A literary heir to Edward Abbey, but with a sharp hunting knife and a deadly accurate long bow, Petersen’s evolution from six years in the U.S. Marine Corps to traditional big game hunter is chronicled in the beautiful but sometimes painful documentary film, “On the Wild Edge: In Search of a Natural Life.”
The film leaves out Petersen’s work as editor for Mother Earth News and his many books including Ghost Grizzlies, The Nearby Faraway and Man Made of Elk. His advocacy for Trout Unlimited and Backcountry Hunters and Anglers is also omitted. Instead, Christopher Daley, the film’s cinematographer, sound recorder and editor, focuses on Petersen’s version of ethical hunting during archery season in early fall.
The movie viewer is there among the aspen leaves as Petersen quietly stalks elk at ponds he knows. Often in a whisper, he turns to the camera with soliloquies about life, death and the meaning of hunting, which homo sapiens have been doing for the last 3 million years.
For Petersen, fall is a singular season. He revels in the monthlong bow hunt, with time for wood cutting and hunts with companions versed in calling bull elk.
As an elk hunter myself, I am in awe of Petersen’s skills at tracking, finding and harvesting elk at a mere 20 paces, which is the effective range of his long bow. This is the hardest way to “make meat.” It requires infinite patience, skill, perseverance and innate knowledge of when to walk away and wait for another day so as not to frighten prey. The film is as slow and deliberate as Petersen himself, with a superb natural soundtrack and bright autumn vistas. This documentary is a cinematic parallel to Jose Ortega y Gasset’s classic book Meditations on Hunting. If Henry David Thoreau had left Walden Pond, moved West, learned to hunt and built a cabin among the aspens, his story would be similar to Petersen’s.
David and Carolyn bought their land, tossed mice out of a well-used travel trailer and, subsisting on rice, beans and tortillas, started to build their house with firewood as their only heat.
Self-reliant and close to nature, they were drawn to elk not just as source of fresh, organic meat, but also for the physical and mental challenge of the hunt. Antlers on the wall are a mnemonic device for telling stories. Hunting is about fair chase, ethics and a clean kill without wounding an animal. Petersen rails against the use of ATVs, night vision goggles and trophy hunters who could care less about harvesting meat and instead only seek the status of a big elk rack. Petersen hunts for elk of either sex. Like Native hunters over millennia, he takes the animal that offers itself to him.

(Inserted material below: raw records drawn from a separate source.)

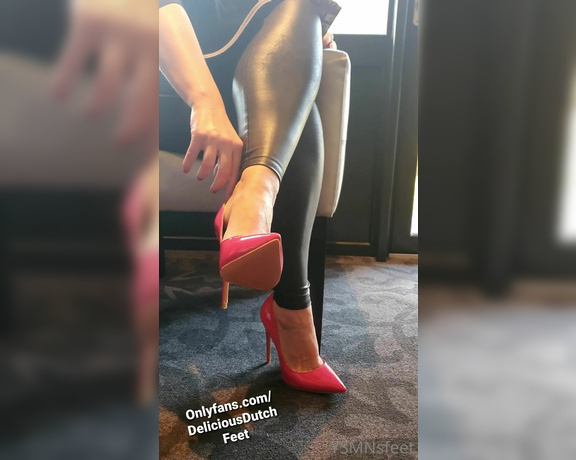 Deliciousdutchfeet aka Deliciousdutchfeet OnlyFans - ONLINE TOMORROW! JOI instructions while dangling my new pink heels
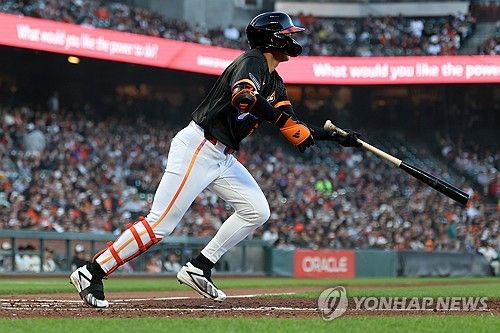 미국 메이저리그(MLB) 샌프란시스코 자이언츠의 이정후(27)가 첫 타석부터 홈런을 신고하며 타율왕 추격에 시동을 걸었다. 샌프란시스코는 24일 오전 10시 45분부터 미국 캘리포니아주 샌프란시스코의 오라클 파크에서 애슬레틱스와 2026 메이저리그 정규시즌 홈 경기를 치르는 중이다. 이정후는 2회말 1사 주자 없는 상황에서 첫 타석에 등장한 뒤 상대 선발 애런 서발리의 2구를 통타해 솔로포를 터트렸다. 자신의 시즌 5호 홈런이다. 연합뉴스 &nbsp;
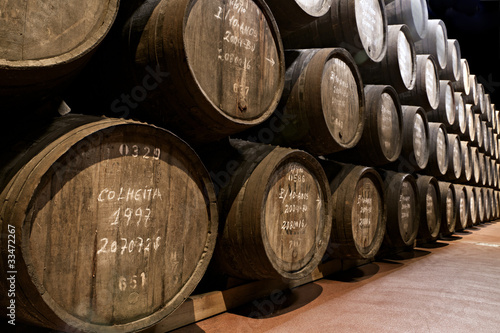port wine ages in barrels in cellar Fototapet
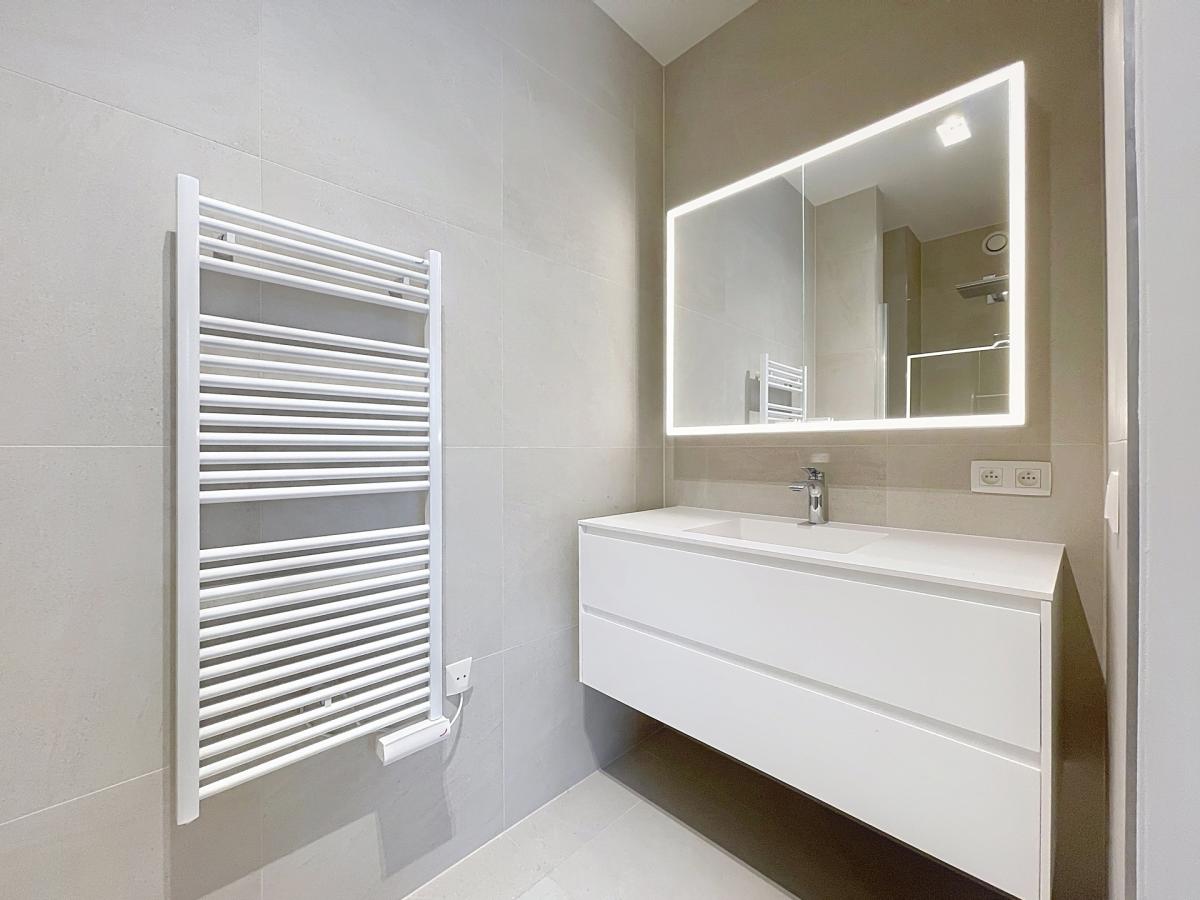 Metropolitan /Abbaye de la Cambre : Appartement neuf meublé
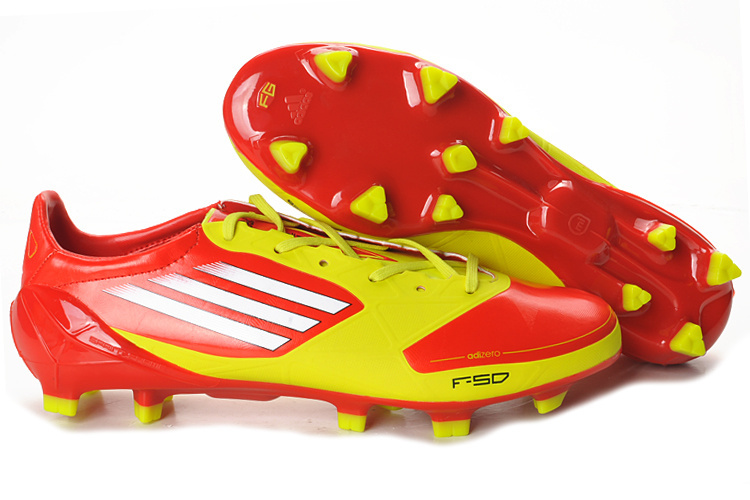 NUEVOS MATERIALES: BOTAS DE FÚTBOL SINTÉTICAS E INTELIGENTES NUEVOS MATERIALES: BOTAS DE FÚTBOL SINTÉTICAS E INTELIGENTES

Deeply respectful of wild game, Petersen jokes that some people have skeletons in their closets, but he has his in the forest. Over the years, he knows each spot where he has harvested an elk and he can recall that particular hunt in vivid detail. He is honest about his mixed emotions when he kills a beautiful animal, and the film resonates with his self-reflections spoken into the camera. Though he is a skilled and eloquent hunter, there is no braggadocio in the film. Just forthright statements about reading elk scat, learning signs left by wild game and the deeply felt pleasure of being alive and listening at dawn and at dusk, ending a day as it began by walking a mountain trail in darkness.
Petersen speaks meaningfully of life and death and our human need for nature. A powerful theme in the documentary is his devotion to his wife, and the film has a profound and deeply touching conclusion.
For those who hunt and for those who do not, this is a film worth watching. Part autobiography, part scenery, this is a visual testament to an honest engagement in life and to those meditative moments in the high country we often seek but rarely work hard enough to find.
Andrew Gulliford is a history and environmental studies professor at Fort Lewis College.